A poucos dias do segundo turno das eleições presidenciais, quando poderá ser eleito o muy leal amiguito e admirador do ditador cubano, a quem agradeceu pelo simples fato de ter nascido, isto cheira a propaganda descarada. A não ser que, por um raciocínio tortuoso, prove-se que mostrar aquela velharia suja, destruída, caindo aos pedaços, cheia de prostitutas e mendigos, que no paraíso se chamam jineteras e delicados vendedores de bugigangas, como o Londres de Orwell, seja propaganda contra o que querem implantar aqui.



Não sei se os leitores saberão tirar esta suposta lição das entrelinhas, devido ao tom de franco elogio, inclusive à rede de delatores da Polícia Política, os CDR's (Comités de Defensa de la Revolución) mostrados como exemplos de atividade 'social' e, no final, com suspeitas reticências, dizer que "alguns dizem que os CDR's exercem patrulhamento ideológico....." Ora, se esta é a única justificativa para sua existência! Temo que em breve os vejamos por aqui.
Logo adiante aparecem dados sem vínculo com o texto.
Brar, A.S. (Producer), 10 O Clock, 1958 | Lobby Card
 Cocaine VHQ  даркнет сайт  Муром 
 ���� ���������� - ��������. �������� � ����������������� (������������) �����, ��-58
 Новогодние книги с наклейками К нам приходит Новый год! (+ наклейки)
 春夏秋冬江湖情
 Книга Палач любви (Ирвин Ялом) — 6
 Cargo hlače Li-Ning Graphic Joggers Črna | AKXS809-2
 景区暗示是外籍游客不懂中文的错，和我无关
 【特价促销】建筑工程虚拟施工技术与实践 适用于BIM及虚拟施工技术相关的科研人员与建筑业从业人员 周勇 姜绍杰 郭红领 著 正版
Nenhuma palavra sobre o fato da ilha estar submetida a uma ditadura cruel há 43 anos; nenhuma palavra sobre a brutal censura à imprensa nem à vida nababesca que levam os funcionários do Partido Comunista, entre os quais certamente está o cicerone, situação certamente partilhada pelos repórteres. Mas há uma esperança de que de outra vez eles abram mais os olhos, talvez sem ter que prestar contas aos patrocinadores, pois se despedem dizendo que fica uma sensação de que o melhor não foi dito nem visto . Pois é!